Liang Ch‘i-ch‘ao1524414Gems of Chinese Literature — The Civilization of Japan1922Herbert Allen Giles

The reception of foreign learning by the Chinese people differs from its reception by the Japanese. Japan is a small country, and moreover possesses no learning which is really its own. Therefore, if such learning arrives from without, the Japanese rush to it as though on galloping horses, change as rapidly as echo follows sound, and in the twinkling of an eye the whole nation is transformed. However, a careful estimate of their capacity shows that they are really nothing more than mere imitators; they are in no sense able to add anything of their own or anything they may have themselves initiated. Now China is not like that. China is a huge country with a learning of its own, which has been handed down for several thousand years and which is so well fortified by defences that foreign ideas do not easily find their way in. Even if they do get in, for many perhaps a hundred years their influence will not succeed in rumpling the hair of one’s head. It is like throwing ink into water. If the water is in a foot-wide bowl or in a ten-foot pool, the ink will very rapidly discolour it all; but if the same ink is thrown into a mighty rushing river or into the wide and deep ocean, can these be easily stained in the same way? Again, although China is not receptive of foreign learning, from what she does receive she makes a point of extracting all the excellences and adapting these to her own advantage.

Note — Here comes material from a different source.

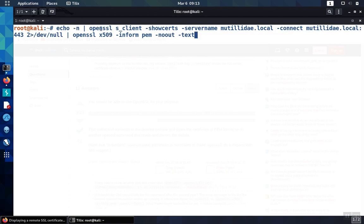Then it uses OpenSSL in order to show the certificates for the server, and this is where you would put your particular domain name.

She transmutes the substance and etherializes its use, thus producing a new factor of civilization which is altogether her own. Her blue is thus bluer than the original indigo-blue of foreigners; her ice is colder than their water. Ah me! Deep mountains and wide marshes give birth indeed to dragons; but the footprints of our noble representative can never have been familiar to the small-sized gentlemen of the Country of Dwarfs.